Ces mitrailleuses prenant d'enfilade toutes nos fractions qui cherchaient à déboucher, rendent la progression impossible.

Une préparation d'artillerie dirigée sur les mitrailleuses signalées ne peut les détruire et une nouvelle tentative d'avance vers la Ferme est engagée.
Cette journée a coûté au Régiment 2 officiers et 37 hommes tués, 46 blessés.

L'ennemi paraît être en force et solidement installé, aidé par une puissante artillerie.
Le soir, un message de la Division ordonne aux différents éléments de la Division une mission défensive et, en conséquence, l'organisation immédiate du terrain enlevé aux Allemands.

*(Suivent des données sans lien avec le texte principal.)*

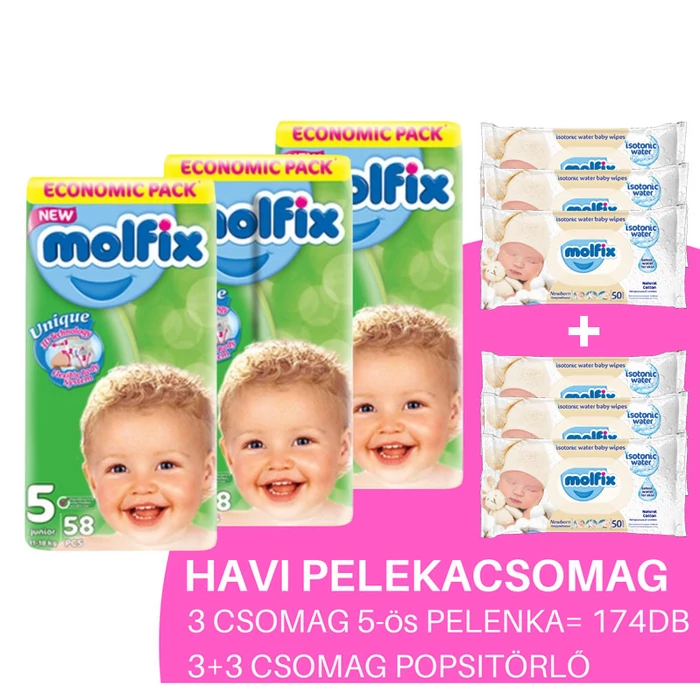 Molfix Havi pelenkacsomag Gigapack, 3+3 csomag popsitörlővel! (5-ös) 11 - 18 kg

Jusqu'au 5 octobre, les bataillons du 143e, tantôt en ligne, tantôt en réserve, travaillant à l'aménagement et à la défense du secteur, profitent de ce court répit pour se reformer.

 

 

Un dernier effort va être demandé le 6 octobre au régiment.
Il prend dans la nuit du 5 au 6 ses dispositifs d'assaut dans les tranchées du Mont Têtu : 1er et 2e bataillons et une compagnie du 3e sur trois vagues successives.
Les trois autres compagnies du 3e Bataillon forment la 4e vague.
Les objectifs sont la ferme Chausson et les ouvrages déjà puissants qui la défendent.
A 5h 50, les deux premières vagues sortent d'un seul bloc.
Malheureusement, la pente du terrain, assez accusée, interdit à l'artillerie de campagne d'effectuer des tirs efficaces. Le tir est toujours trop long.

L'ennemi placé à contre-pente n'est ni atteint, ni aveuglé par notre préparation. Seul un canon de 58 aurait pu bouleverser un élément de parallèle.
Les deux premières vagues, reçues par un feu terrible, doivent se coucher sous les balles ; des hommes sont frappés en franchissant le parapet.
Néanmoins une fraction réussit à progresser, franchissant la première ligne ennemie, au point où le 58 l'a bouleversée.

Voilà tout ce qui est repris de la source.